It is exactly 2 years since I wrote a post entitled ‘Adieu Labour – the end of a personal political era‘. This post described my disenchantment with the Labour Party at the time, and my decision to join the LibDems, after 2 years of being a member of no party. At the time I could really see no way back to Labour (for me), and genuinely believed some kind of realignment of the centre left in UK politics might become a reality. Thinking back to 26 July 2015, it was slightly less than a year before the Euro referendum, and like many, I expected a Remain result. I also expected Cameron’s government to run full term, to 2020. Fast forward a year, and the disastrous Brexit result, and then a year later, Theresa May’s snap election, and the whole political landscape looks very different. While Vince Cable will undoubtedly be a good leader for the LibDems, possibly even encouraging some social democratic thinking in the party, it will take a long time for that to have an impact, and time is something we don’t have!

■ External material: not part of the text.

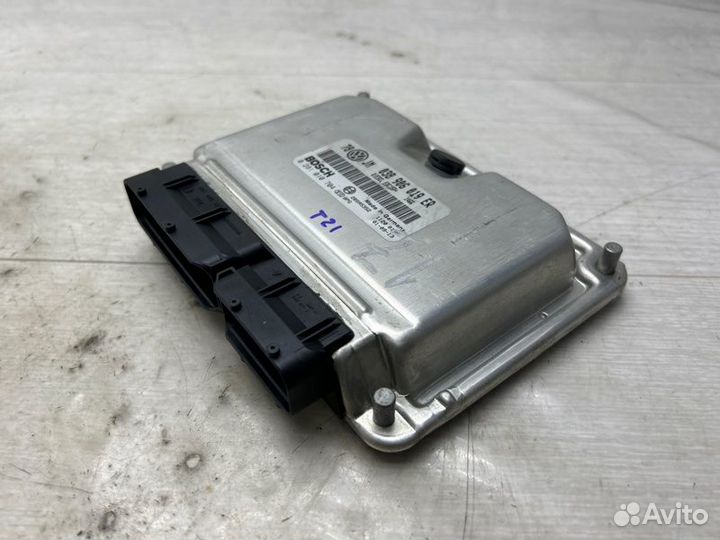 Блок управления двигателем Volkswagen Passat B5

As it is, May’s government continues to hobble along, supported by the DUP. Labour did very well in the election, and although I did question at the time whether some of the promises made were deliverable, they are still the best placed party to win a future election, and to make a difference. I have some political differences with Jeremy Corbyn, but Labour is still a ‘broad church’, with a wide range of views represented. Chuka Ummuna, for example, strongly advocates remaining in the single market, and my local MP, Paul Farrelly, has been consistently strongly pro-Europe.
The upshot of all this is that I have left the LibDems and re-joined Labour. I want to do what I can to help them win a future election, as, in my opinion the country has had enough of the ‘pay the deficit or bust’ policies of the Tories. Unfortunately the LibDems have no realistic chance of any kind of influence at the moment, although I am grateful to them for having me for two years, during which time I had a lot of interesting discussions, particularly with George Kendall when we set up the Social Democrat Group.
So, somewhat unexpectedly, a new era starts. Having got involved locally with the LibDems, something I never did before with Labour, I will almost certainly do something similar locally with Labour. Interesting times lie ahead.